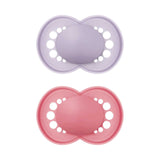 MAM Original soother 2 pack plain pink (British brand)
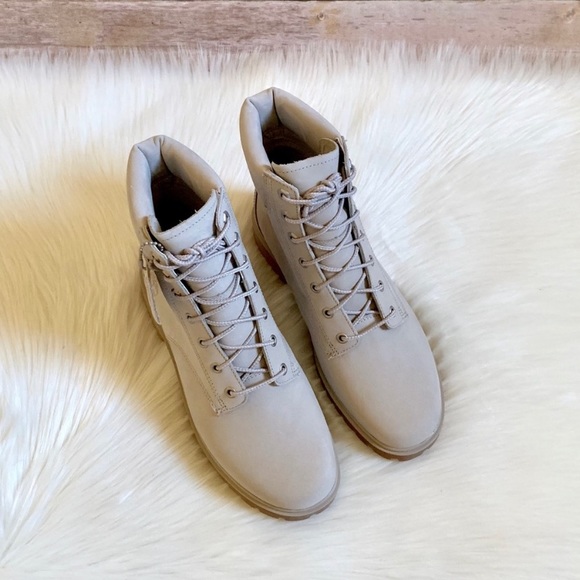 Timberland Light Taupe Jayne 6” Waterproof Boots - Picture 3 of 8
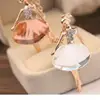 Collier Long en cristal doré et argenté pour femme, élégant et magnifique, ballerine romantique, chaîne de pull sauvage ► Photo 2/6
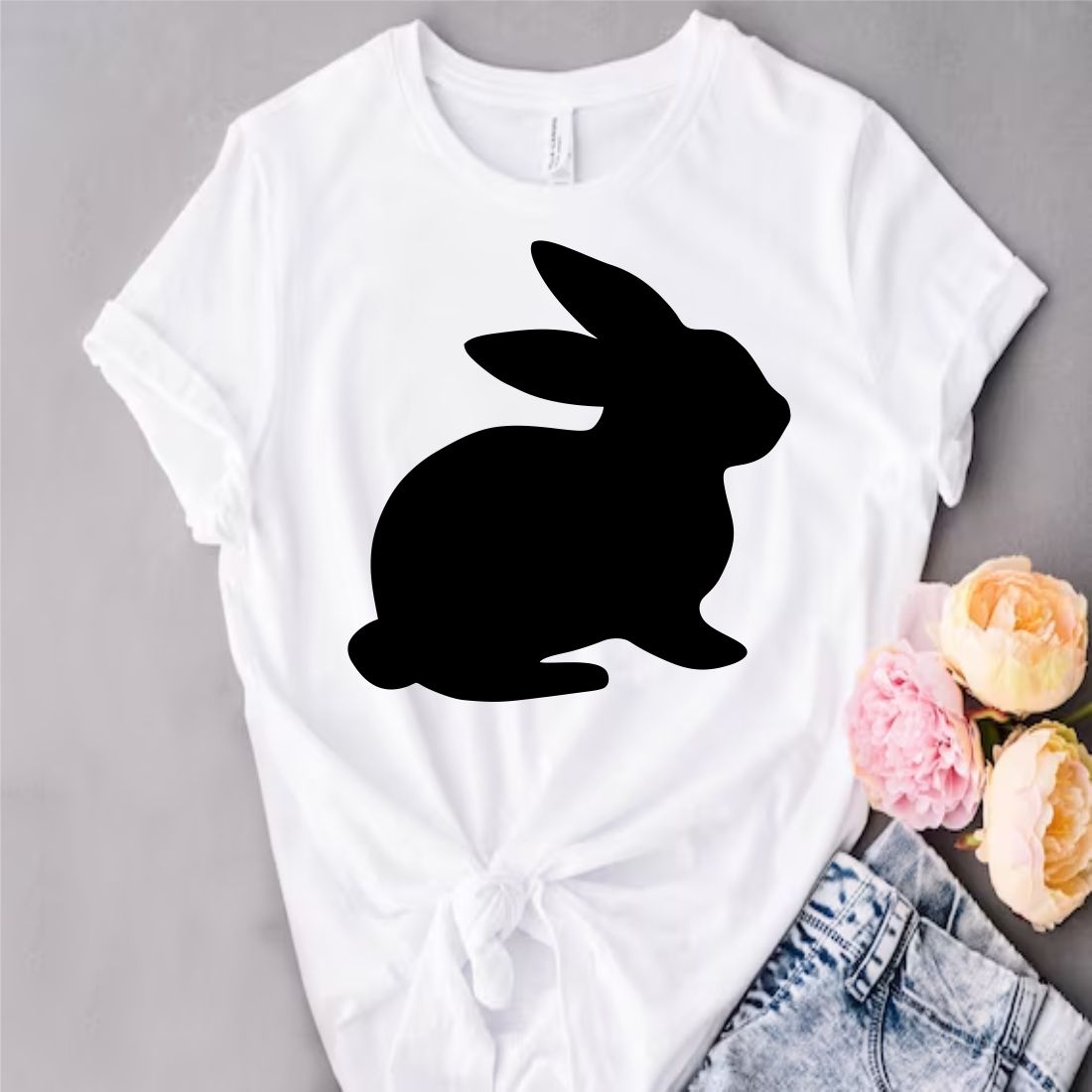 Easter Bunny SVG, Rabbit, Bunny Svg, Vector Cut file Cricut, Silhouette , PDF, PNG, DXF, EPS - Only $3 preview image.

- _How to complete this task_:
Images stay out, but the rest of the data above must be repeated exactly.

- _Solution to the problem_:
 MAM Original soother 2 pack plain pink (British brand)
 Timberland Light Taupe Jayne 6” Waterproof Boots - Picture 3 of 8
 Collier Long en cristal doré et argenté pour femme, élégant et magnifique, ballerine romantique, chaîne de pull sauvage ► Photo 2/6
 Easter Bunny SVG, Rabbit, Bunny Svg, Vector Cut file Cricut, Silhouette , PDF, PNG, DXF, EPS - Only $3 preview image.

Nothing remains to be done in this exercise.